In the spring of 2005 Traverse City didn't quite know what it was getting itself into.
Academy Award-winning documentary film maker and Grand Travese-area resident Michael Moore, along with local photographer John Robert Williams and native son Doug Stanton, said they were going to put on a five-day film festival. They were rounding up a group of volunteers to clean up and dust off the venerable State Theatre to make it home base.
All in two months.
When it was over that first festival had drawn an impressive 50,000 admissions to 31 films at 52 screenings. There were four free panel discussions and 10 people from the film industry had shown up as guests.
Just as important, the festival had gotten good reviews from downtown merchants and local residents who all seemed willing to do it again.
By 2011, the festival had grown in size and reputation and had added a host of activities that went well beyond just great movies.
There were free movies at night on a giant screen at the Open Space.
Besides the State, venues had grown to include the city Opera House, the Old Town Playhouse, the Milliken Auditorium and Dutmers Theater at the Dennos Museum at Northwestern Michigan College, Lars Hockstad auditorium at Central Grade School and the Open Space for free movies.
There were an amazing 128,000 admissions, 156 screenings and 147 films, including 88 features and 59 shorts, from every continent but Antarctica.
There were 130 "industry guests" who took place in panel discussions and interviews.
The Dutmers Theatre for experimental film was added.
The festival paid for the renovation of Lars Hockstad Auditorium.
There was a weeklong film school.
And 2011 was the first year of the Kids Fest on the lawn outside Lars Hockstad Auditorium following movies for kids.
And since 2005 the festival has spent big bucks to totally refurbish the State and turn it into a part of daily life here. It plays host to many films that don't make it on the big-time theater circuit, it is used by all kinds of groups for movies and gatherings, it simulcasts state championship games for local school sports teams.
The theater has become, in many ways, the city's town square. Moms and dads take their kids to child-friendly matinees, high school classes and other groups host special movie nights and lots of fans turn out to cheer their teams playing in big-time venues downstate.
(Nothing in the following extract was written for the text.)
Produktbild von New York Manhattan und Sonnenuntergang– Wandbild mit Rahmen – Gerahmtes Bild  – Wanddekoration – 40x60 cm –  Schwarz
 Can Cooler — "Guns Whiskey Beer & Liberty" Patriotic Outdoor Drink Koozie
The State has also helped kick downtown Traverse City into a higher gear than ever before, at least in terms of nightlife and food. The theater brings people into town after dark, and new restaurants have opened to feed them. Some stores stay open longer to cater to those waiting for a movie to start. The east end of Front Street has gotten new life.
It starts all over again Tuesday, with an estimated 145 films on tap, actress Susan Sarandon and other Hollywood types, a bunch of independent movie makers, German movie legend Wim Wenders, a music stage at Clinch Park, A Rebel Without a Cause and other favorites free at the Open Space and an emphasis on films from or about Detroit.
Year after year the festival and the community have become more entwined, and the group of volunteers who swept up the State that first year has grown into a small army that makes it all happen. It truly is Traverse City's film festival.